# Nail Biting/Allergies



## KaiserTheV (Feb 9, 2013)

My wife and I have a Vizsla, Kaiser. 
We have noticed him chewing his nails quite frequently and we are wondering what could be the cause of it. We have thoroughly checked over all 4 feet and all seem normal. His claws get cut at least once a week, he gets plenty exercise, brain stimulation, and has many toys that he can chew on. 
We have only had him for a couple months (he is 3 1/2 yrs old) and do not know what food he was on before, he is on Blue Buffalo Wilderness Salmon. We want him on raw but he has no interest, so we are thinking of switching him to Tast of the Wild. 
He has been to the vet when we first adopted him but hasn't been since. 
He does have nervous/fear aggression when meeting new dogs due to being unsocialized. Other then that he is a very confident and happy dog.
He tends to bite his nails when he comes in from running but he does do it out of the blue sometimes. I do a thorough check on him before and after his run, nothing out of the ordinary with his nails. 
We have started to cone him when he bites, should we continue that or leave him to do it until we figure out what is causing it. 
Any help would be appreciated, I have never seen a dog do this before.


----------



## texasred (Jan 29, 2012)

Vizslas are cat like in the way they groom themselves. If he is not causing any damage to the nails or toes, I would let him continue to groom his nails.


----------



## adrino (Mar 31, 2012)

Elza regularly chews her nails. First I thought the same that she might have some irritation but now I know it's just the way she grooms her paws/nails. She doesn't damage them at all so I guess she doesn't chew on them hard. 
First time she did it I freaked out a bit. It sort of looked like she was chasing invisible bugs in the air with her paws, waving in front of her 'face' first then eventually she would start to chew on her nails... It's quite funny actually now that I'm used to it! ;D


----------



## KaiserTheV (Feb 9, 2013)

Perfect thanks! 
I will bring it up at his next vet visit but for now I will let him chew his nails.


----------



## datacan (May 15, 2011)

You might also want to consider trimming their paw pads. The fur under the pad causes a lot of discomfort during winter what with salt and everything.

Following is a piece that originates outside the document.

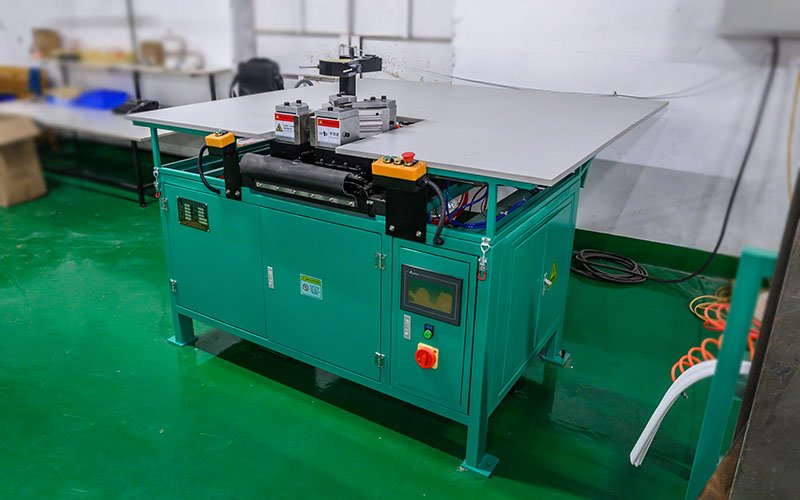 Door gasket welding machine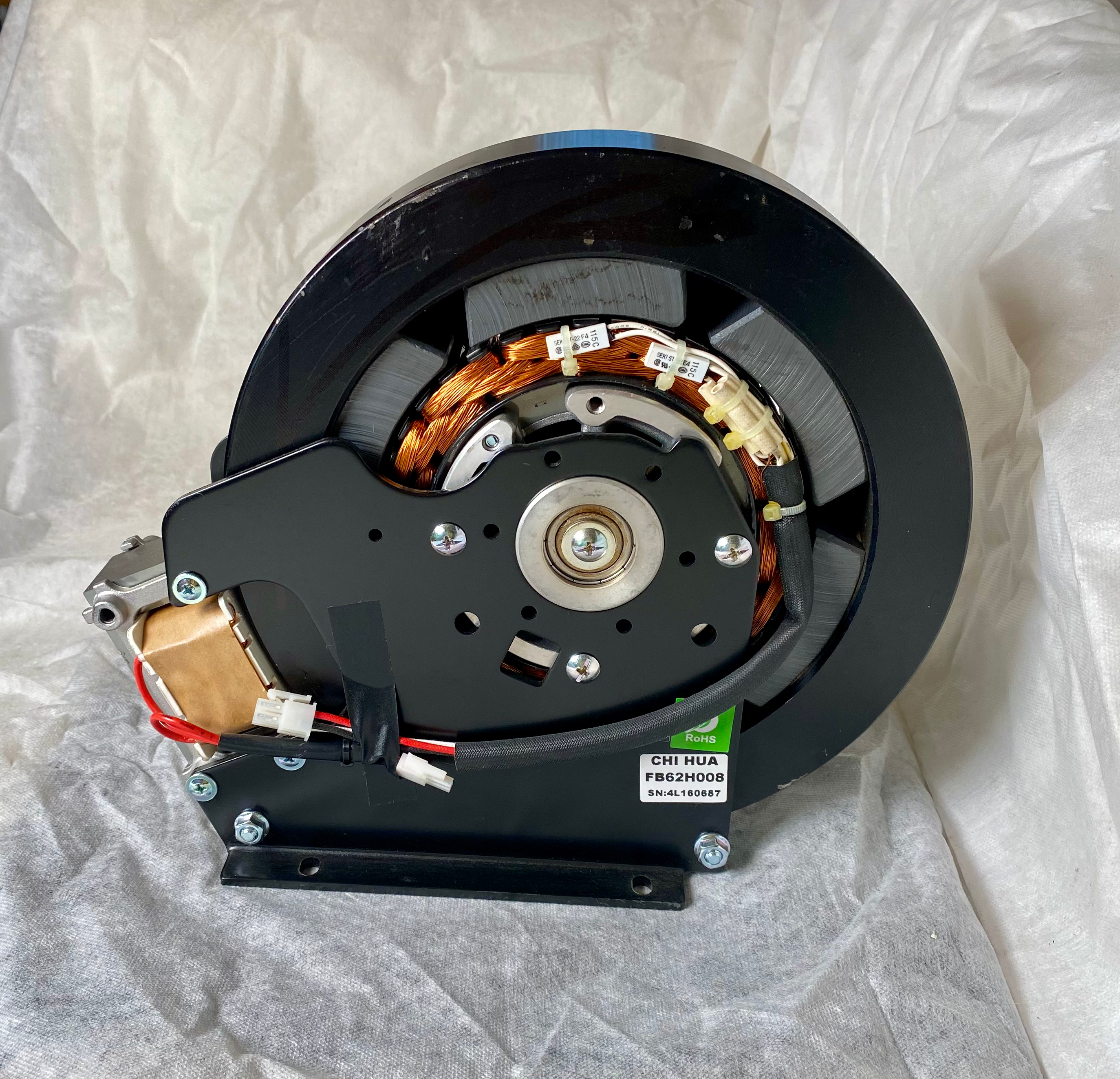 Generator Chi Hua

We use small clippers specially designed for dog fur. 


This site has more info
http://www.animalbehaviorcollege.com/grooming/pdf/gipsneakpeeksage4.pdf

/


----------



## jld640 (Sep 29, 2010)

You might also watch the length of time he spends chewing on them. When Savannah's grooming time goes from normal to excessive, I soak her paws in warm water (usually one at a time to keep the mess under control) once a day for a few days until her grooming goes back to normal.


----------



## Emily1970 (Apr 21, 2011)

Chuck was trying to chew his nails down to nubs. Took him to the vet and there wasn't any issues. We started giving him fish oil for nail health and just watch him so he doesn't do it excessively. He spends hour upon hour grooming and this is just a part of his routine.


----------